Seven is right, but so is even,
Hyphen, roughen, nephew Stephen,
Monkey, donkey, Turk and jerk,
Ask, grasp, wasp, and cork and work.

Pronunciation -- think of Psyche!
Is a paling stout and spikey?
Won't it make you lose your wits,
Writing groats and saying grits?
It's a dark abyss or tunnel:
Strewn with stones, stowed, solace, gunwale,
Islington and Isle of Wight,
Housewife, verdict and indict.

Finally, which rhymes with enough --
Though, through, plough, or dough, or cough?
Hiccough has the sound of cup.
My advice is to give up!!!

HeteronormativeHaybales · 05/11/2017 07:57

Nobody's commented yet on the fact that along with racism and imperialism, OP's managed to lay herself open to accusations of anti-Semitism. I'm pretty sure Rut is a Hebrew spelling of Ruth.

Virtue and religious names are very common in some African Christian cultures. No different from when people in Europe (not that long ago) were being called Traugott and Charity and Amadeus.

LinoleumBlownapart · 05/11/2017 08:12

Grin whoops OP. My next door neighbour is called Caio, it's from the Roman Caius. Those bloody Romans and their modern yonique names.

LadyWithLapdog · 05/11/2017 08:30

I'm looking up Orinate. I can only find urinate in Spanish or an anti malarial drug. OTOH it's the kind of word that kids wouldn't know unless their parents pointed out that it's so ha-ha funny.

Fekko · 05/11/2017 08:46

In answer to maths - if I went to live in DHs country there's no way in gods green earth I'd name a daughter after my grandma as it would be it would be a shit name - literally (it means shit and everyone would know that). So yes, sometimes you do just need to think twice when a child has more than one set of roots.

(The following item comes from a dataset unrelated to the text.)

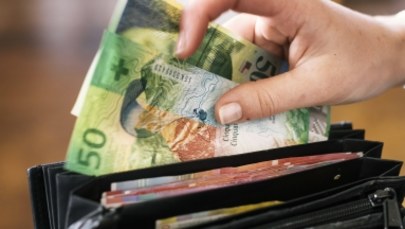 Rząd chce zmusić banki do przewalutowania kredytów we frankach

LinoleumBlownapart · 05/11/2017 09:11

I agree 100 % with Alittlepotofrosie, children need to be taught not to bully with guidance, but if that guidance is ridiculing names then that's what they'll do too.
Fekko you have the advantage of knowing the language and culture of your DH's country. Many people don't have that advantage. I know a British family in Brazil that named their daughter Coco. The mother had a slightly drawn out North London accent so she pronounced it Cocooo which means shit. Should she have chosen more wisely, probably but when the child went to school she wasn't ridiculed, everyone just made sure they emphasized the COco which sounds more like the word for coconut rather than the way her mother said it.

Migraleve · 05/11/2017 09:18

For these children, who were all born in the uk and so will likely attend school here, having a name which has a sound or connatation that may provoke bullying is not going to be something they will want to thank their parents for. There are plenty of names from every culture that also work well in a uk context. Why pretend otherwise? It isn't racist to point this out.

It’s racist to suggest born in the UK must have a traditional UK name or one that ‘would make well in a uk context’ —whateverthefuckthatmeans— How can you even try to defend why you are saying.

Would you suggest the Chinese family across the road from me call their children Peter and Jane, or the Asian lady I work with to call her next child Robert or Ann Hmm

You are about as racist and small minded as they come.

LinoleumBlownapart · 05/11/2017 09:34

I agree with you Migraleve but just wanted to say that a lot of Chinese families and some other cultures do give their children two names. DH worked in a Chinese company where people had English names for work.
But I agree it's wrong to assume that people would automatically know that a name doesn't work in English. People do not always come to the UK by choice or knowing the culture or language. It is very narrow minded. In 50 years Dikshita might have been intergrated into British culture and Euan might be top of the girls name list. Names and words change over time, look at Tracy, it was a boys name, then a girl's, now it's creeping back as a unisex name.

VirginMeDear · 05/11/2017 10:28

I grew up in London with a 'foreign' name that was deemed completely unpronounceable to most people. It is slightly similar to a common English name, so people just used to call me that, as my name was 'too difficult to spell/say' Hmm.

Fast forward 25 years and my name is quite popular now and nobody seems to have a problem with it. Things change, people adapt. I'm glad my parents gave me a name that reflects our culture.